La recensione su Monte Verità

di yume
5 stelle

Un'occasione mancata, la materia si prestava a fare molto meglio, ma ci vuole genio

locandina

Monte Verità (2021): locandina

Un film indeciso, tanto da non comprendere sé stesso” commenta Eugenio Grenna  su Cinematographe.it e non possiamo che concordare.

Location, Alpi svizzere in Canton Ticino, posto meraviglioso dove la natura incontaminata ( ma lo è ancora oggi?) attirò all’inizio del secolo scorso frotte di artisti e intellettuali (Gropius, Arp, Jung, Hesse, Duncan ecc)in cerca di vita alternativa, conferma alle loro istanze libertarie, immersione in un mondo dove arte e natura fossero ancora simbioticamente accolti.

In quel luogo benedetto da non so chi si svolge la storia fittizia di tale  Hanna (Maresi Riegner), giovane donna viennese di ricca borghesia garantita da un marito, fotografo di fama, come ogni buon marito dell’epoca dispotico e cieco di fronte alla sensibilità della donna. Hanna è personaggio inventato da Stefan Jäger, regista che ha inteso dare un volto all’anonima autrice di foto d’epoca rinvenute e oggi conservate ad Ascona, presso la Fondazione Monte Verità.

Hanna lascia marito e due figlie e si rifugia lì pensando di star meglio, otterrà il suo scopo, diventerà una brava fotografa, ma cadrà nell’anonimato lasciando solo belle foto.

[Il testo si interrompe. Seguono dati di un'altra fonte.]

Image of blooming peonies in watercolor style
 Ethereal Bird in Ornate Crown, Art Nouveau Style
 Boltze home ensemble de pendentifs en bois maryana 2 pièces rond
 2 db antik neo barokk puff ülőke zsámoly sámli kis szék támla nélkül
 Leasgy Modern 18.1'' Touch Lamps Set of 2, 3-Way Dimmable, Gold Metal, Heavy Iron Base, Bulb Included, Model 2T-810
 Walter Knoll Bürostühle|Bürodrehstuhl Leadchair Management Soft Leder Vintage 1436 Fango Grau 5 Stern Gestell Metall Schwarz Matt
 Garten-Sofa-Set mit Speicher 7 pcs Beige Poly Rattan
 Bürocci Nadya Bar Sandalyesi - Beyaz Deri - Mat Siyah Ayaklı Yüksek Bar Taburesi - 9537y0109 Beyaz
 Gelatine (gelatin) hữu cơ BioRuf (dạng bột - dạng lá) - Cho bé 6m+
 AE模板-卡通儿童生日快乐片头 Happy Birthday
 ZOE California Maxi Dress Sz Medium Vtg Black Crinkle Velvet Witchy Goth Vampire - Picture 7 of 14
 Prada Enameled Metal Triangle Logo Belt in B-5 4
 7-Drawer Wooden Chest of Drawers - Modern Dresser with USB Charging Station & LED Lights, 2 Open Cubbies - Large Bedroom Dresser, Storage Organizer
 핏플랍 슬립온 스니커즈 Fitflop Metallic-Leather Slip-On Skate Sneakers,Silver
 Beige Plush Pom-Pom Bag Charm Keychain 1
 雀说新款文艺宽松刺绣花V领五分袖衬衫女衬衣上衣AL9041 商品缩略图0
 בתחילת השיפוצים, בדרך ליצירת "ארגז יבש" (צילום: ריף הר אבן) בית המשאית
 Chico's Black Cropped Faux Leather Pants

Monte Verità è il nome con cui, allora, fu ribattezzato il monte Monescia, nume tutelare della Comune insediata alle sue pendici per anni, fino alla decadenza definitiva nel 1926, allorchè divenne proprietà privata del ricco barone  von de Heidt.

Del resto, le utopie della Belle Epoque erano già crollate da tempo. La Grande Guerra aveva ben provveduto a spegnere ogni illusione.

Resta il lascito che per molti prefigurò e influì sulla rivoluzione dei fiori di metà anni 60, ma si tratta di una forzatura che non tiene conto del contesto e delle istanze completamente diverse.

 

Quello che gli ospiti di Monte Verità proclamavano aveva venature snob e intellettualistiche distanti anni luce dai giovani rivoluzionari dei campus americani e delle piazze europee, della loro provenienza borghese si sente il profumo anche oltre lo schermo e di quelle idealità possiamo occuparci solo come testimonianza di un clima artistico letterario di un tempo sepolto dalle tragedie della storia del ‘900.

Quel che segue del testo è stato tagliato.